Search This Blog

Showing posts with label Webcams. Show all posts

Adorcam Leaks Thousands of Webcam Accounts

 

A webcam application installed by a huge number of clients left an uncovered database loaded with client information on the internet without a password. The Elasticsearch database belonged to Adorcam, an application for viewing and controlling a few webcam models including Zeeporte and Umino cameras. Security researcher Justin Paine found the data exposure and reached Adorcam, which secured the database. Adorcam application is specially built for the P2P IP camera series. The clients just need to enter the camera ID and password to watch real-time video from any bought IP camera on their cell phone and no complicated IP or router settings are required. 

Paine said in a blog post shared, that the database contained around 124 million rows of information for the several thousand clients, and included live insights concerning the webcam —, for example, its location, whether the microphone was active, and the name of the WiFi network that the camera is connected to — and information about the webcam owner, such as email addresses. Paine additionally discovered proof of the camera uploading captured stills from the webcam to the application's cloud, however, he was unable to confirm since the links had expired. 

He likewise discovered hardcoded credentials in the database for the application's MQTT server, a lightweight messaging protocol often used in internet-connected devices. Paine didn't test the credentials (as doing so would be unlawful in the U.S.), yet alerted the application creator about the vulnerability, who at that point changed the password. Paine checked that the database was updated live by signing up with a new account and looking for his data in the database. Albeit the information was restricted in sensitivity, Paine cautioned that a malevolent hacker could create persuading phishing emails, or utilize the data for extortion. 

In his report on the matter, Paine pointed out that the data contained in the database distinguished between Adorcam's Chinese clients and its clients outside of China, saying, “One interesting detail about this database was that the user information was split between Chinese users and "abroad" users. For example: request_adorcam_cn_user vs. such as request_adorcam_abroad_user. Adorcam almost certainly has breach disclosure obligations based on what appeared to be a global user base. If they had users within the EU they absolutely have an obligation.”

Flaw in Zoom app could allow Mac webcams to be hacked

Jonathan Leitschuh, a US-based security researcher on Monday had publicly disclosed a major zero-day vulnerability in the Zoom video conferencing software. Leitschuh had demonstrated that any website can start a video-enabled call through the Zoom software on a Mac with the help of a web server which gets installed by the Zoom app.

According to a report by The Verge, the server accepts the requests which the regular would not. The report further says that even if you uninstall the Zoom software, the server will still remain and it can reinstall Zoom without the user’s choice. As per the findings by Leitschuh, the Zoom software can get hijacked by any website which can then force a Mac user to join a call along with an activated webcam even without their permission unless a specific setting is enabled.

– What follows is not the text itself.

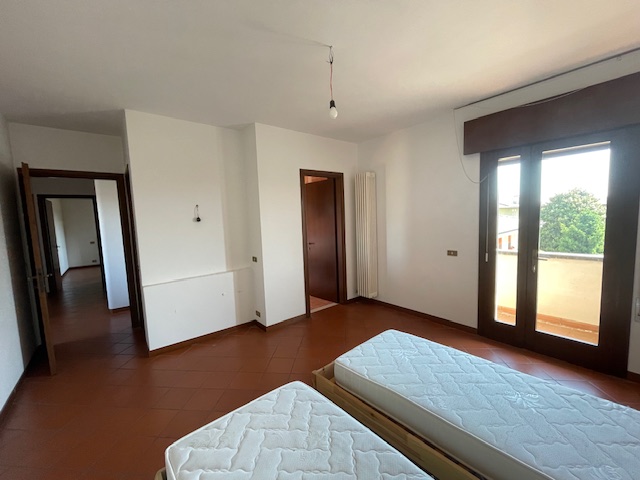 Vendesi a Marola blocco composto da due unità abitative indipendenti.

On a Medium post published on Monday, Leitschuh gave a demonstration through a form of a link which after being clicked takes Mac users (currently using/or have used Zoom app before) to a conference room activating their webcams. He notes that this particular code can get embedded to any website and also on malicious ads or a phishing campaign.

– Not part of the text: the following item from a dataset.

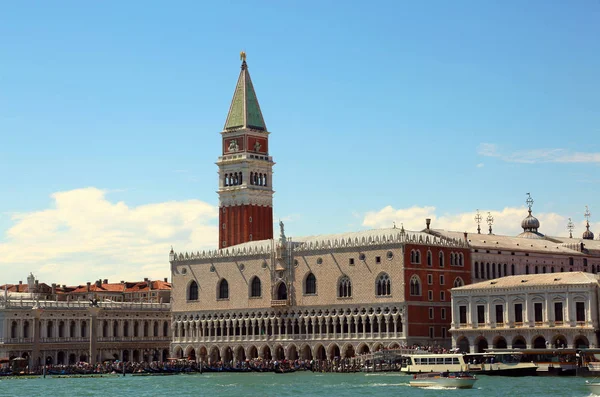 VENECIA Italia Campanile de San Marcos y Palacio Ducal fotografias —  Fotos de Stock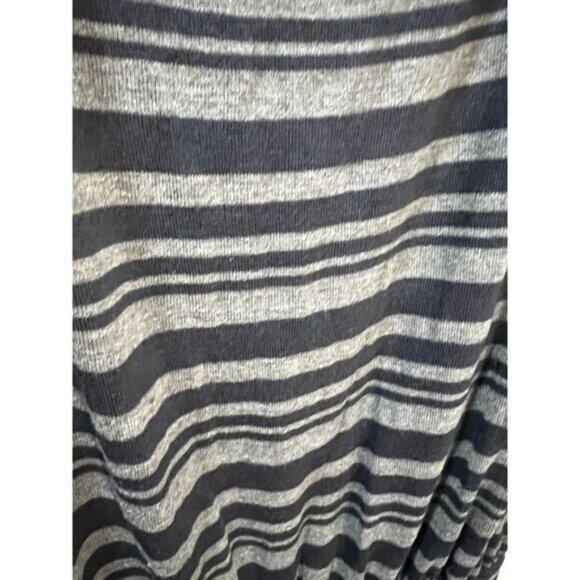 B. Darlin Women's Scoop Neck Drop Shoulder Tunic Top Large - Picture 3 of 5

Leitschuh further writes that even if Mac users uninstall the Zoom app, the local web server still remains and it will “happily re-install the Zoom client for you, without requiring any user interaction on your behalf besides visiting a webpage.”

The Verge in its report said that they tried the flaw themselves by using Leitschuh’s demo and were able to confirm that the issue does persist on clicking the link if Mac users have used the Zoom app and have not checked a particular checkbox in settings. The link auto joins the users to a conference call with the web camera on.

As per Leitschuh, he had contacted Zoom back on March 26 earlier this year and had said that he would disclose the exploit publicly in 90 days. According to him, Zoom does not seem to have done enough to resolve the problem. The particular vulnerability was also disclosed to both Chromium and Mozilla teams, however, because it is not an issue with their browsers, there is not much those developers can do about this.